Health professionals report that the Breathing, Thinking, Functioning (BTF) clinical model increases clinician and patient understanding of chronic breathlessness and provides a simple and structured approach to personalised self-management.
Chronic breathlessness is a distressing and debilitating symptom that is becoming widespread as people live longer, often with multiple chronic conditions for long periods of time. Already, over a quarter of older people (not including those in hospital) are living with breathlessness caused by conditions such as chronic obstructive pulmonary disease and heart failure. COVID-19 is further exacerbating the problem, with evidence that a significant minority experience persistent breathlessness long after acute infection has resolved.

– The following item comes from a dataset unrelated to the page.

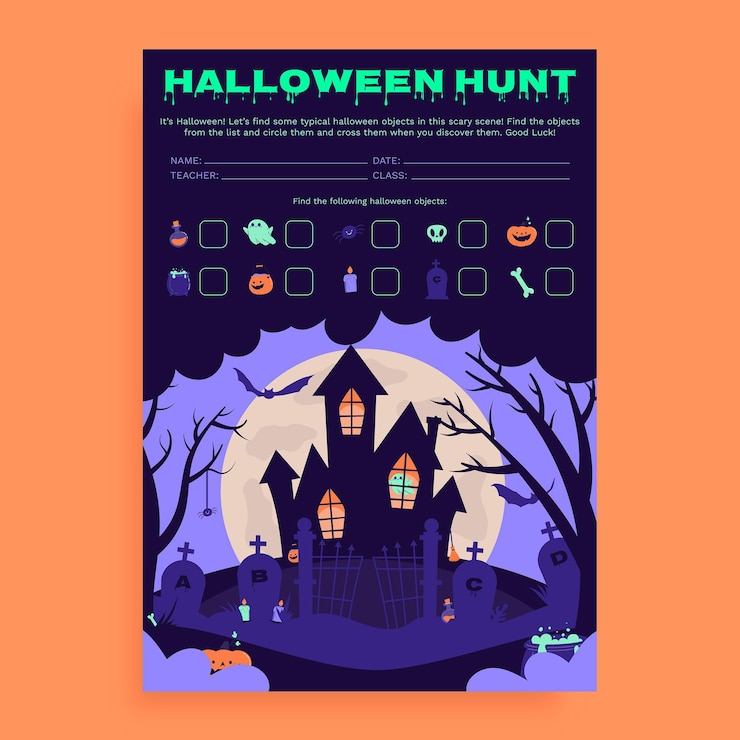 Vetor grátis folha de trabalho criativa de caça ao tesouro de halloween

But breathlessness is challenging to manage, partly because its severity bears little relationship to that of the underlying condition, with more than 40% of patients with mild COPD, for example, experiencing moderate to severe breathlessness. Primary care is recognised to hold much of the burden of supporting people with long-term conditions, including breathlessness, but health professionals in both primary care and respiratory medicine describe feeling ‘out of their depth’ and ‘overwhelmed’, when attempting to control the symptom. Drug treatments tend not to help and while non-drug measures are promising, they remain sporadic and under-used.

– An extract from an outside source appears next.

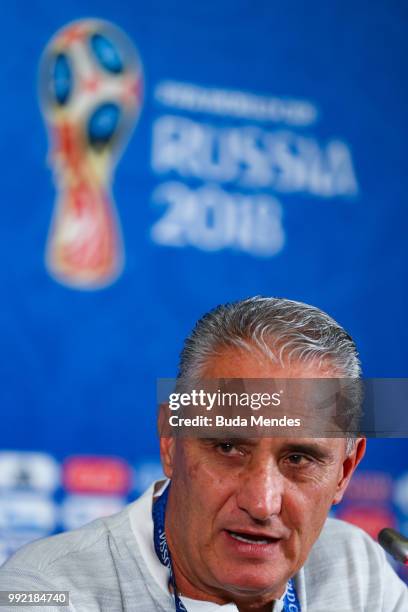 Head coach Tite attends the media during a Brazil press conference ahead of the the 2018 FIFA World Cup Russia Quarter Final match between Brazil and...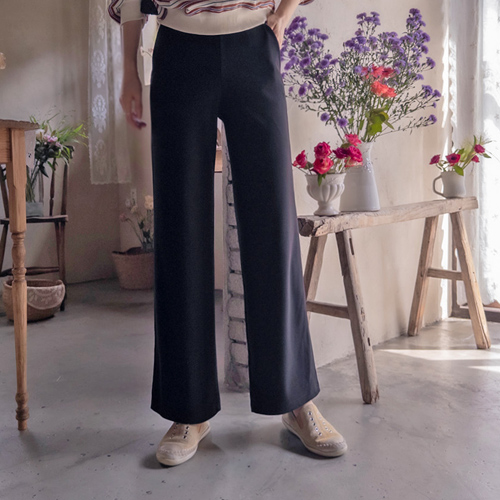 [LABEL] Denian Cheese Span Smooth Clean Fit Wrinkle-Free Comfortable Band Pants [size: S, M, L]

The Breathing, Thinking, Functioning (BTF) clinical model
The Cambridge Breathlessness Intervention Service have developed the only educational tool to support chronic breathlessness management: the Breathing, Thinking, Functioning (BTF) clinical model.

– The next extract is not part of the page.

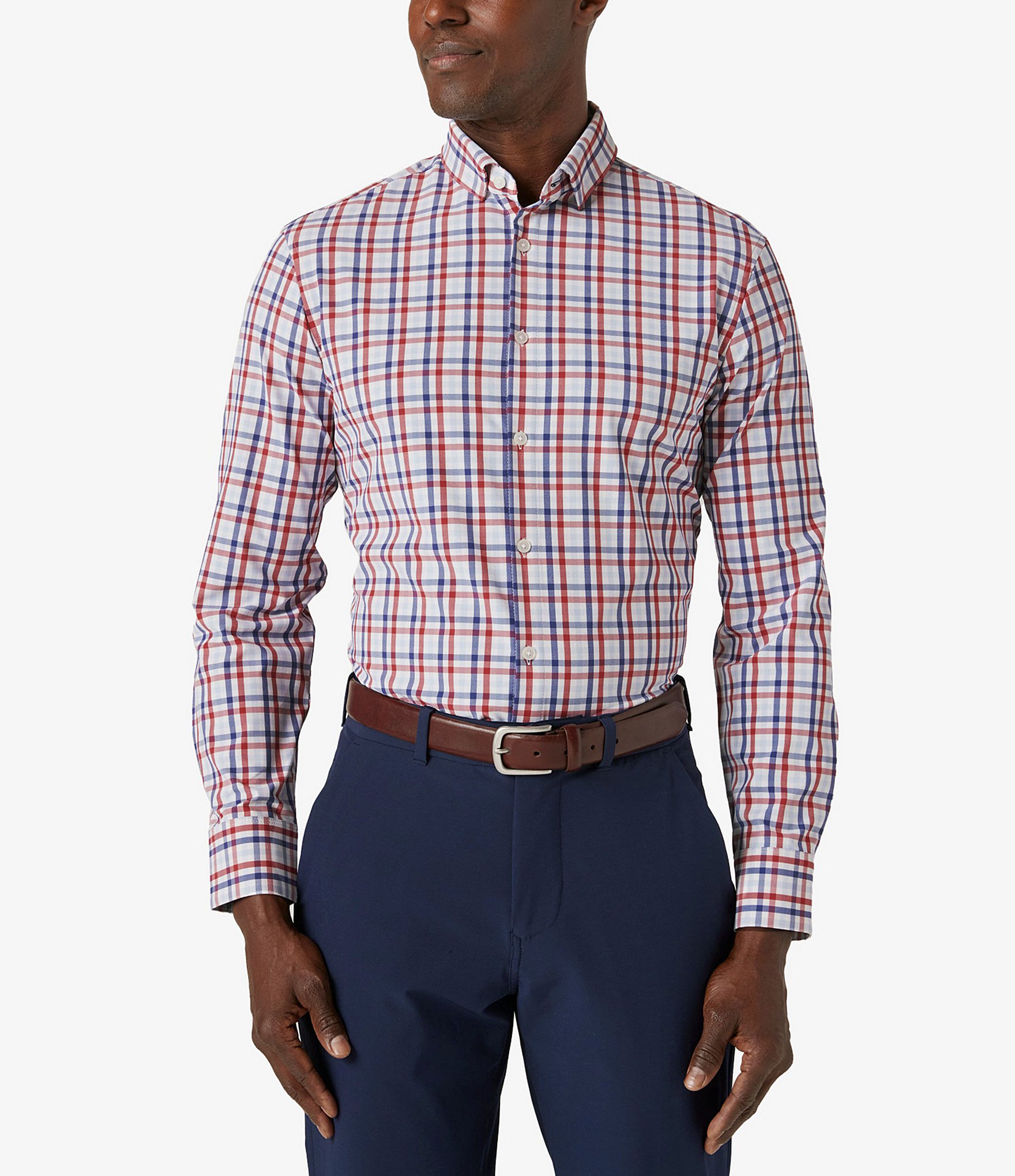 Mizzen+Main Performance Stretch Leeward Coastal Plaid Long Sleeve Woven Shirt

The model conceptualises emotional and behavioural responses to breathlessness, leading to vicious cycles that inadvertently worsen the symptom or perpetuate it beyond a trigger.
It explains the disassociation between the severity of breathlessness and the underlying condition, and provides a rationale for symptom management: unlike drug treatments, non-drug approaches can break a vicious cycle, turning it into a cycle of health improvement.
Each part of the model is evidence-based; for example, it is well-established that misinterpretations of bodily sensations can lead to a spiral of deteriorating symptoms and panic.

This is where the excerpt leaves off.